The idea that we are independent is a myth. In truth we are, if anything, interdependent. We are interdependent because we need each other. We need the resources of the earth, and we need a way to experience God’s presence. We understand God’s presence most fully by loving and being loved. I’m not talking about mushy, gushy Hollywood love. I’m talking about the love of deeply knowing someone and being known, named, and claimed.

Love chooses us. Love befalls us, binds us, and gives us a sense of meaning. God is the origin of love. We are not the object or possession of God’s love. We are the subjects God has created to be in a relationship with. We are subjects with our own wills and desires, and the relationship we have with God through Jesus Christ provides the opportunity to align our passions with God’s.

Because God wants to be in a relationship with all of creation, then so must we. Our true North, our center of value, must be God’s will. That’s what it means to “be rich toward God.” God’s desire is that our treasure, our comfort, our ultimate sense of security be in the knowledge and presence of God’s love.

I hate to say it, but that is a lot harder to do than it sounds. In fact, I’m not entirely sure that I can tell you what it looks like on a daily basis. The extension of the logic is that we should just give away our possessions, work only when we have to, and expect God to take care of things like retirement, health care, and poverty. Does God really think that savings and insurance plans are corrupting us and making us deny God’s love and providence? Surely not, though I would imagine that it’s not out of the realm of possibility for us to become so focused on saving ourselves that we might forget who our Savior is. That’s why we come to this table, to remember who our Savior is. We get a foretaste of the heavenly banquet where all are forgiven, all are cherished, and all are claimed, named and loved.

I heard a story not too long ago about a group of church members, C.U.P.s volunteers, and some folks they just did not want to leave alone who stayed at the church during Hurricane Gustav. As Leigh tells it, five guys from Illinois just happened to show up with a bulldozer asking for shelter and preparing for clean up work from the incoming storm. During the course of the event one of the walls was ripped from the old C.U.P.s building, and those five guys from Illinois jumped in to help. Apparently they still come through from time to time and check on C.U.P.s. John is the name of the crew leader, and because of the shared experience, there is a relationship there.

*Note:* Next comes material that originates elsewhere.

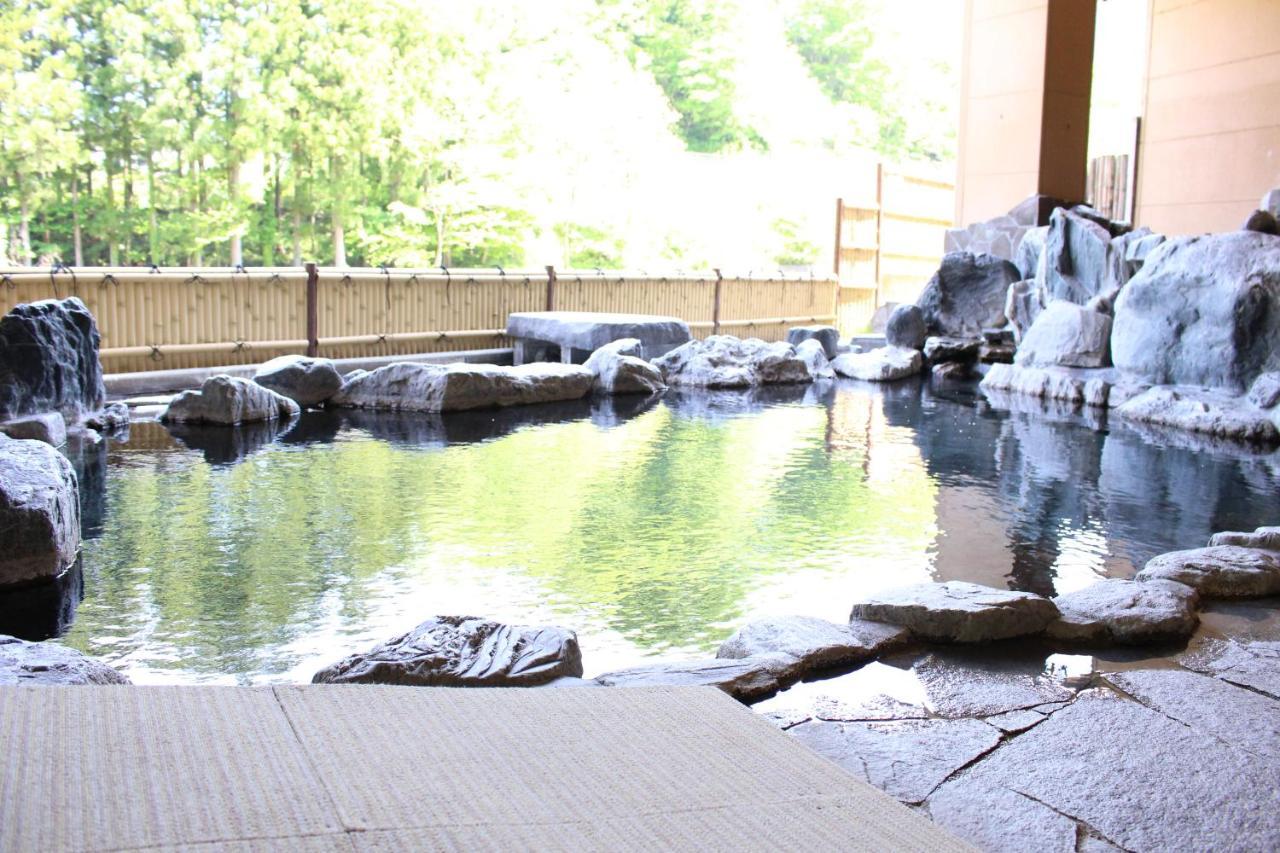 土湯温泉 やすらぎの宿 向瀧旅館 Fukushima  Eksteriør billede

You can call it luck or fate if you want to. I’ll just give thanks to God that it happened and call it providence. That’s what happens when we set our minds on things that are beyond our reach but resting gently in the arms of God. That is what it is like to live in this world of uncertainty with a sense of hope and peace that is not manufactured by our efforts, but is dependent on the mercy, grace, and providence of God. So come, again and again to this table, and taste and see that the Lord is good. And to God be the glory, both now and always, Amen.